» What you are asked to do
Beginning with the line below that contains "Delock PCI Express" and ending with the line that contains "French Connection Dark Plaid Blazer", retype every line exactly. Pictures are not copied.

» Data under study
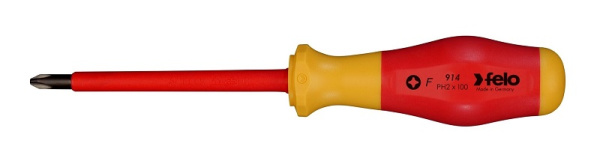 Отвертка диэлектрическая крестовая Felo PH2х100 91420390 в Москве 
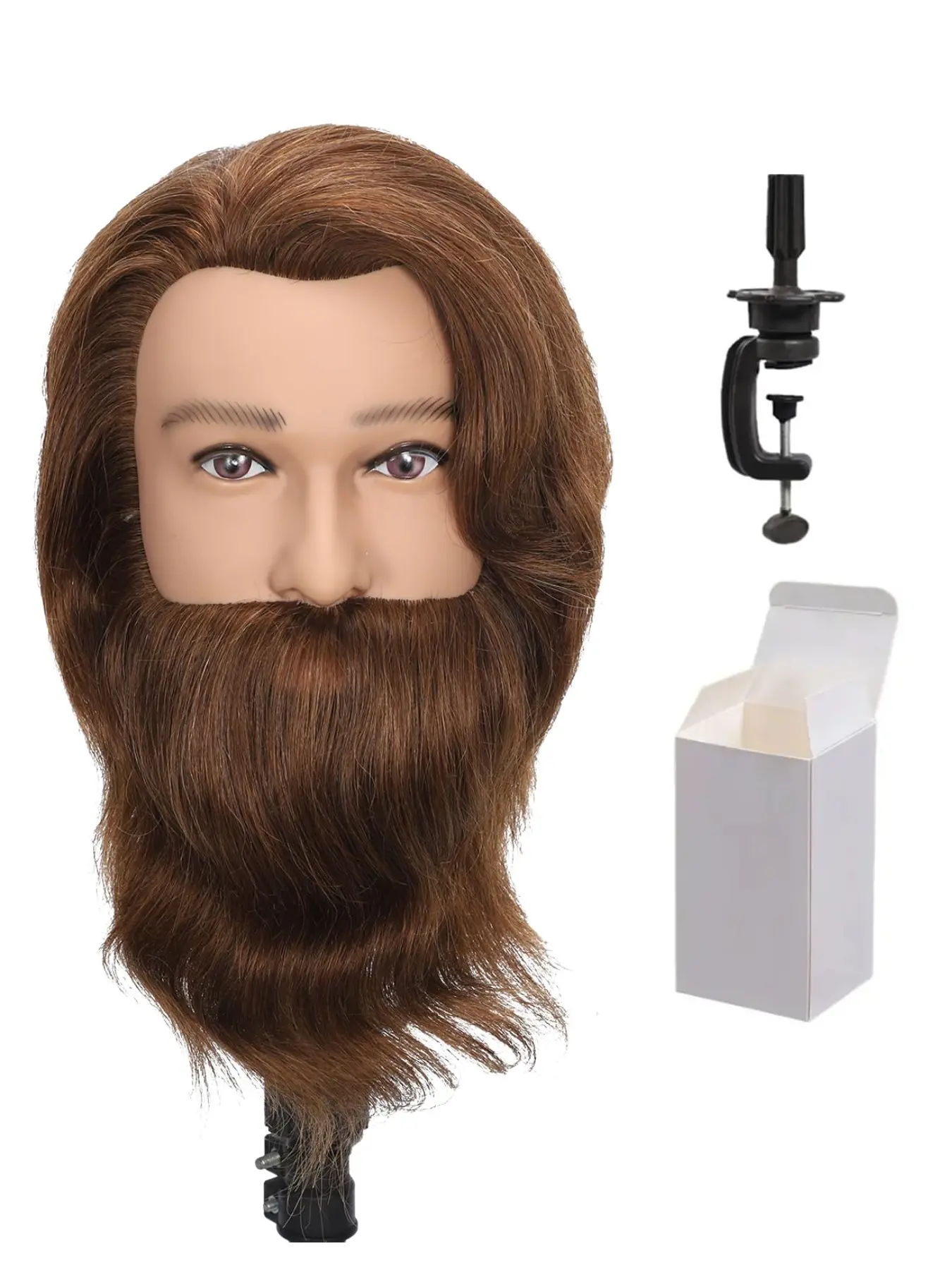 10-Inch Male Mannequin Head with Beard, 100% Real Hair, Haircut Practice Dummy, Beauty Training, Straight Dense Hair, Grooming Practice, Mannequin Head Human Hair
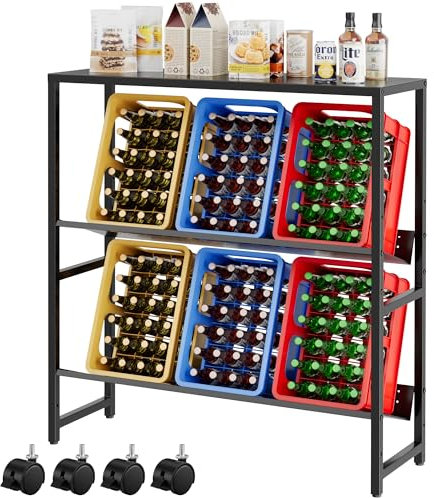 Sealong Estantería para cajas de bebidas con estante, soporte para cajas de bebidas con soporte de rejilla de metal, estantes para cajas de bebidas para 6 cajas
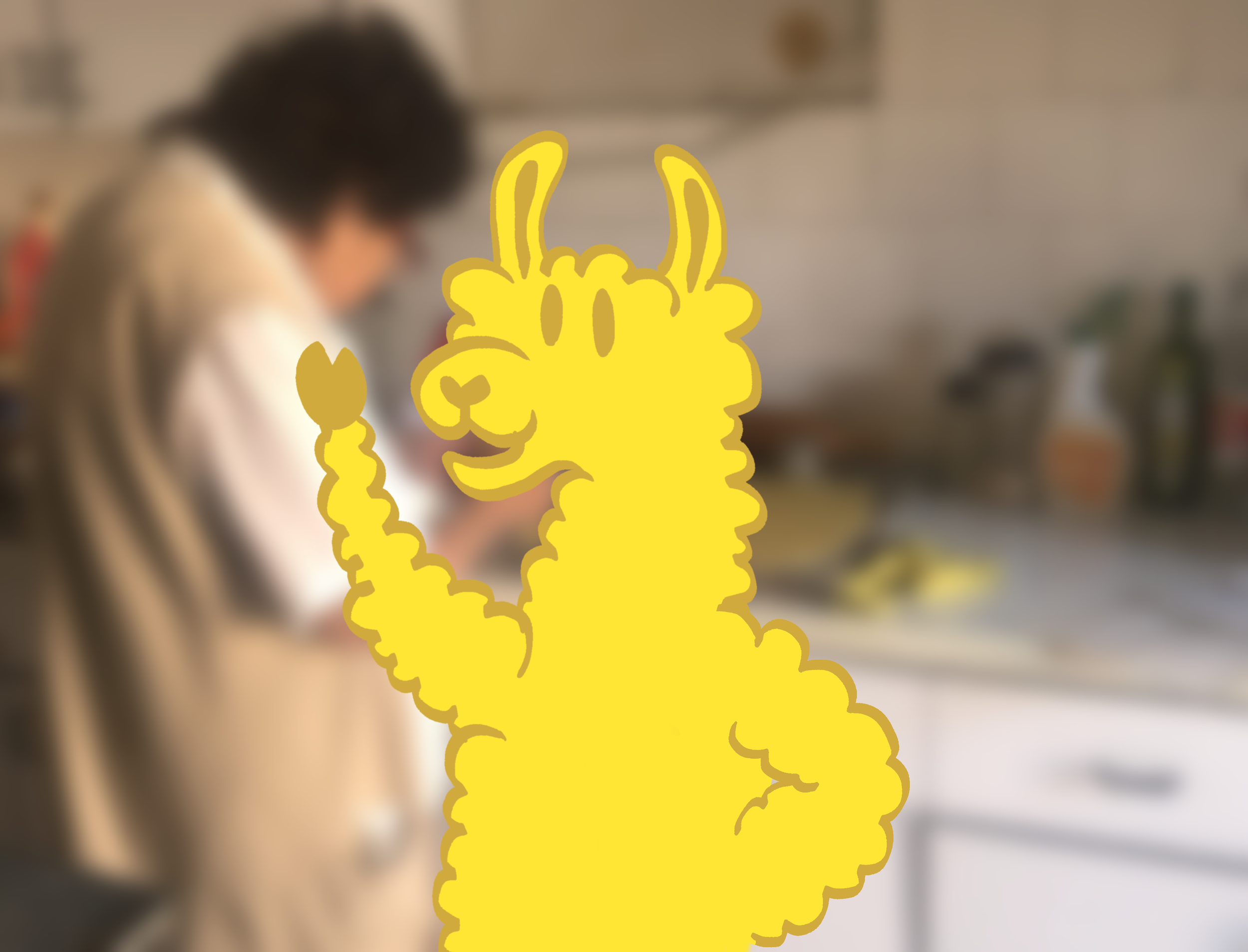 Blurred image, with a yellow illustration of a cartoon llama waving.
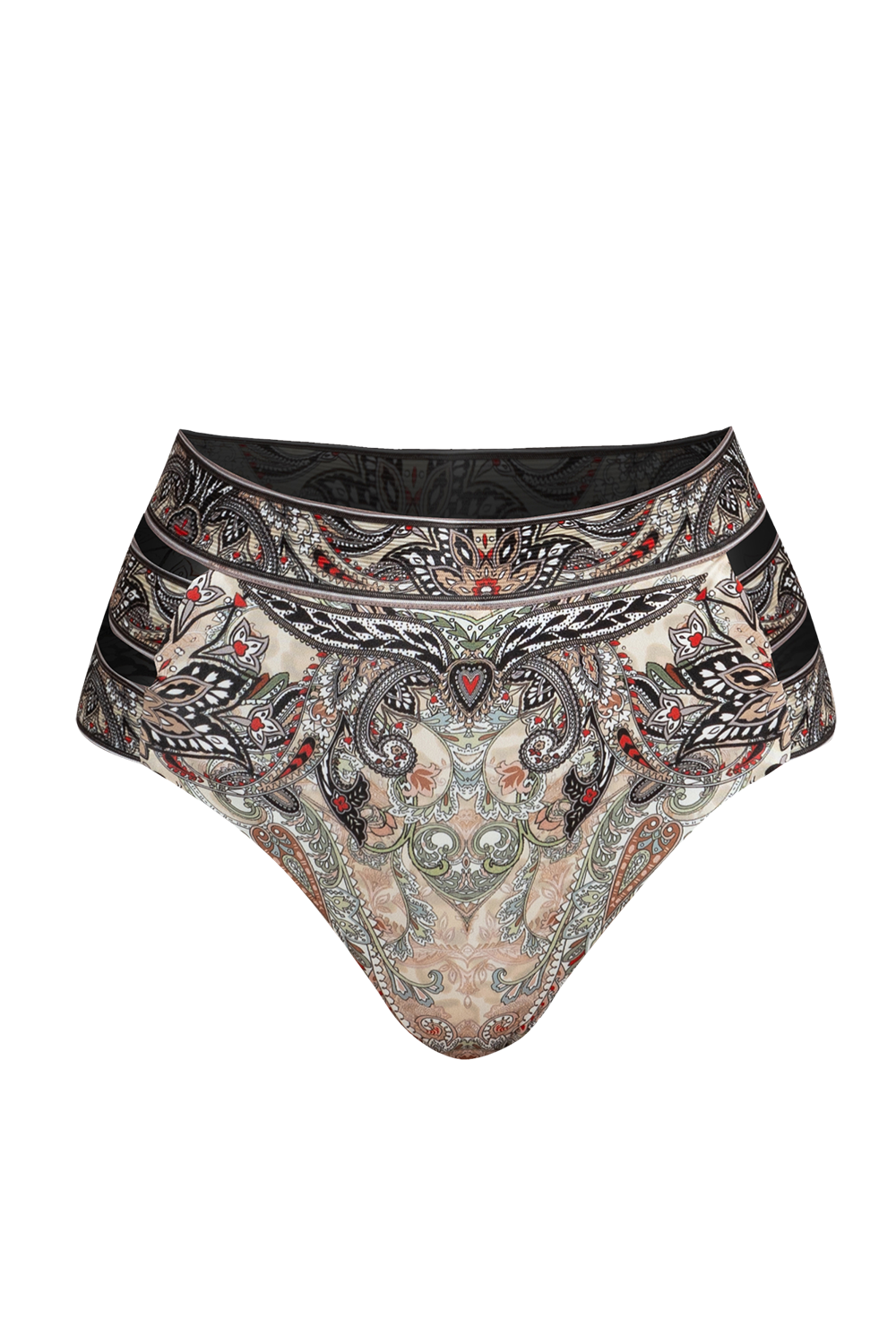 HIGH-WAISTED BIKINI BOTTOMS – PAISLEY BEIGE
* * *
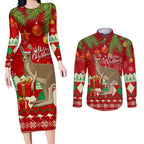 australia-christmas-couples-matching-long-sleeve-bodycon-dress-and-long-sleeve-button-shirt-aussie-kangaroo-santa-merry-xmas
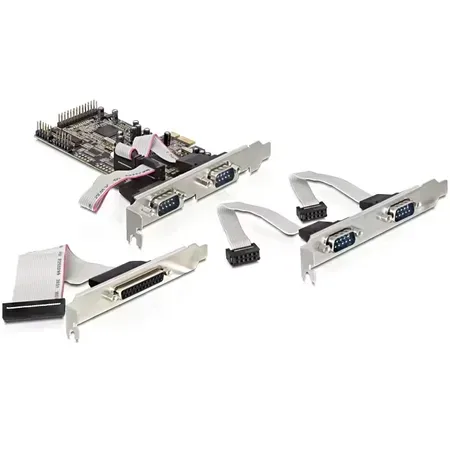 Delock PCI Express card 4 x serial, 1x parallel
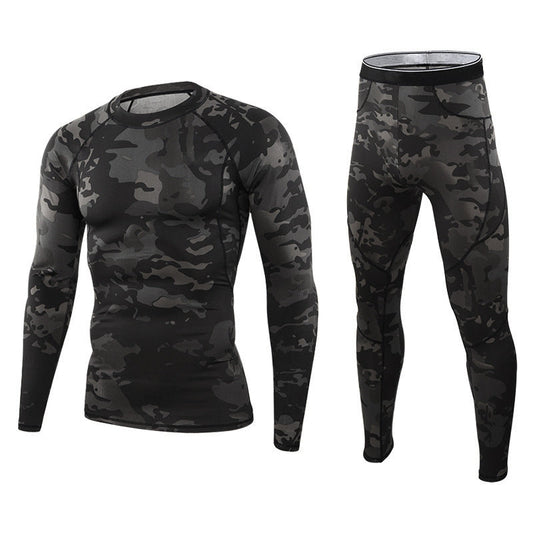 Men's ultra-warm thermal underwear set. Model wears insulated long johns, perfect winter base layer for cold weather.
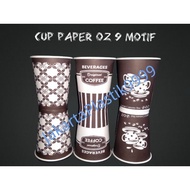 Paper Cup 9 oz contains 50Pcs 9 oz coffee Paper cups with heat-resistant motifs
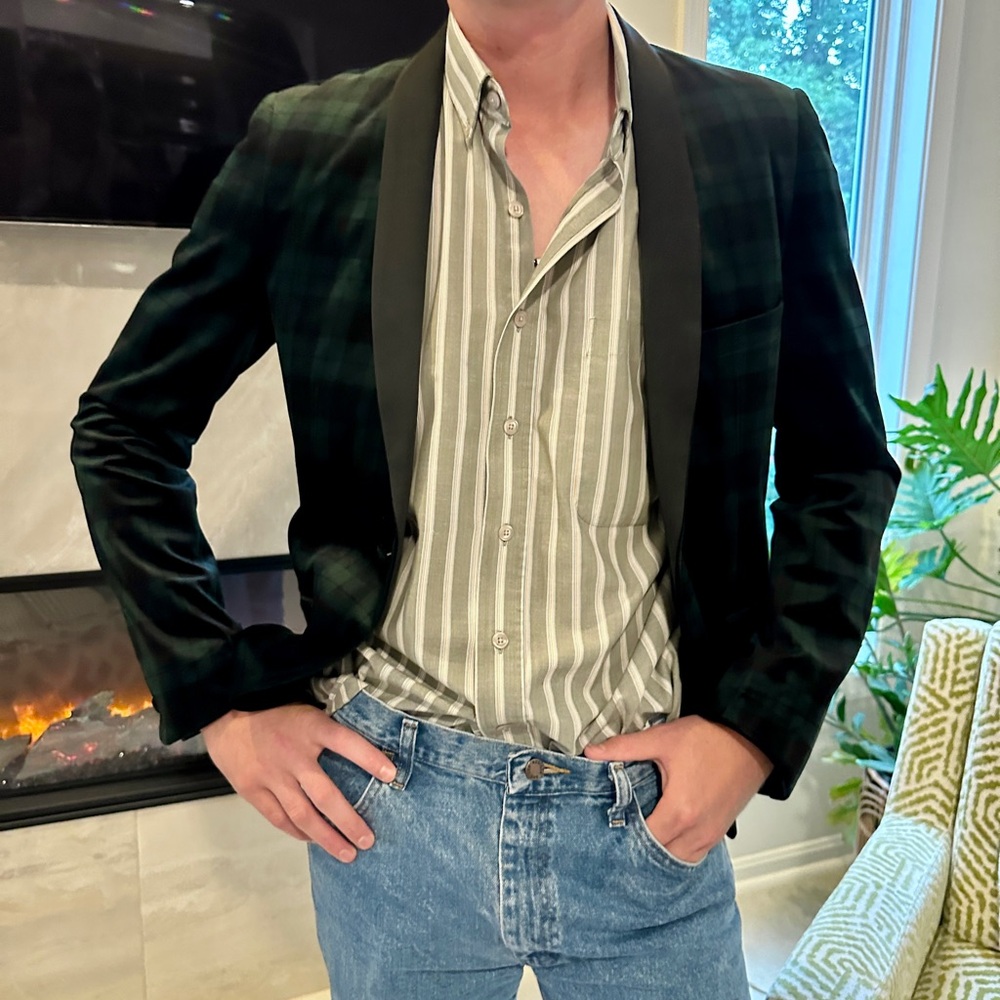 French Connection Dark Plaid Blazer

» Answer to this problem
 Delock PCI Express card 4 x serial, 1x parallel
 Men's ultra-warm thermal underwear set. Model wears insulated long johns, perfect winter base layer for cold weather.
 Paper Cup 9 oz contains 50Pcs 9 oz coffee Paper cups with heat-resistant motifs
 French Connection Dark Plaid Blazer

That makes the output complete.